Via Instapundit, Jeffrey Lord is having fun lecturing George Stephanopoulos by mentioning Founding Fathers who opposed slavery, contra Stephanopoulos’ rather ignorant statement here to Rep. Michele Bachmann:

For example earlier this year you said that the Founding Fathers who wrote the Constitution and the Declaration of Independence worked tirelessly to end slavery. Now with respect Congresswoman, that’s just not true.

We can go ’round and ’round about whether John Quincy Adams counts – I personally would have him count as one, or at least not quibble overmuch over it – but let’s talk about some non-Virginians, shall we?

  • Benjamin Franklin. If Ben Franklin isn’t a Founding Father, then the term is meaningless anyway. Long sympathetic to abolitionist views, he spent the last years of his life (and the first years of the public) as an open advocate for abolition and integration.
  • John Adams. Also on every list of Founding Fathers that there are. Balance his reluctance to push for too-public a dispute over slavery with his writing the Declaration of the Rights of the Inhabitants of the Commonwealth of Massachusetts portion of the Massachusetts Constitution.
  • John Jay. Likewise on the lists (also, first Chief Justice of the Supreme Court). Despite being a slaveowner himself, Jay pushed for abolition and manumission in New York for over twenty years; he finally succeeded in passing manumission legislation as Governor.

Lord also brought up Alexander Hamilton, who was definitely down on the practice; and of course southern Founders like Jefferson, Madison, Washington, and others were certainly not unaware of the contradictions between slavery and the founding principles of the Republic. But what we seem to be having from Stephanopoulos here is yet another example of a pundit who is so eager to score a ‘Gotcha!’ moment off of a conservative politician (particularly a female conservative politician) that said pundit ends up saying something that’s even more dunderheaded. Frankly, I’d rather be known for arguing that JQ Adams was a Founding Father, than have it suggested that I thought that Ben Franklin was not one…

Moe Lane (crosspost)

PS: If you think that this entire post was a bit nit-picky, well, take it up with Stephanopoulos.  I’m just following the ground rules that he set up.

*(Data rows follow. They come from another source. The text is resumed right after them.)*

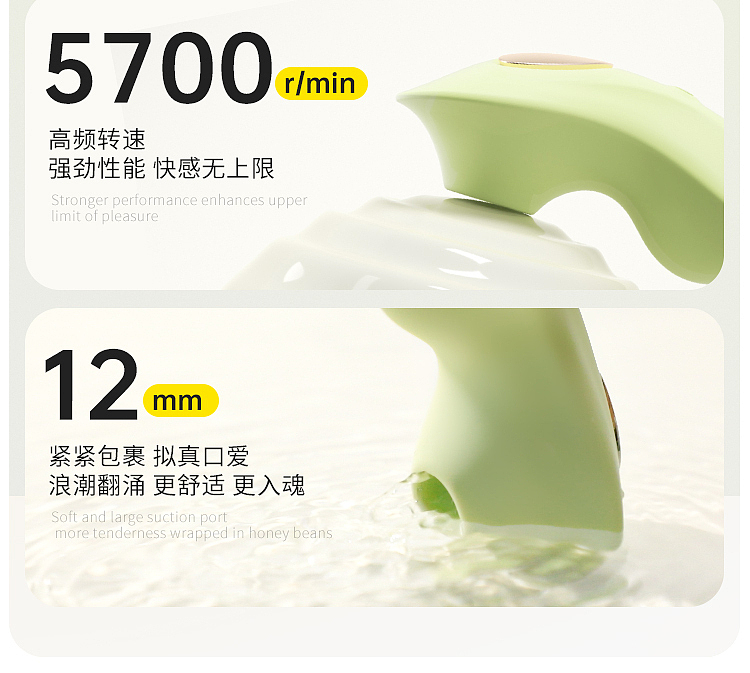 riddler-for-rui-wearable-vibrating-pulse-mambo-green-17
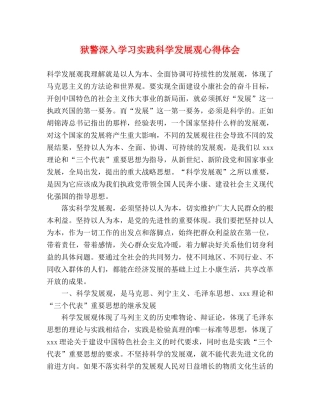 狱警深入学习实践科学发展观心得体会 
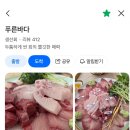 새동촌식당 | 대구 동구 횟집 방촌동 대방어 맛집 술집 푸른바다 두꺼운 방어 찾기 성공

4 thoughts on “George Stephanopoulos thinks Ben Franklin isn’t a Founding Father?”

  1. I don’t think it’s so much their eagerness for a “gotcha” moment. I think it’s that they HAVE NO IDEA THEMSELVES. The left — primarily the self-proclaimed “elite” — are so invested in the Chomskyite “America Was Born in the Sin of Slavery” storyline that they’ve blinded themselves to the possibility of the story being more complicated.

  2. I get your point, Moe, but I still think this sort of thing exposes Bachmann. If she had made a qualifying statement like “Not many people realize that…”, then her comment would have sounded intellectual. Instead, she sounds like somebody who thinks the first shot in the Revolutionary War was fired in New Hampshire.

    And yet she is so CLEARLY getting the Palin treatment from the left these days that I want to defend her. Just not seeing it on this one, though.

    1. Bachmann’s a grown woman; she can take care of herself. But George needs to learn to check the questions that his writers write for him before he throws them out there all snarky-like.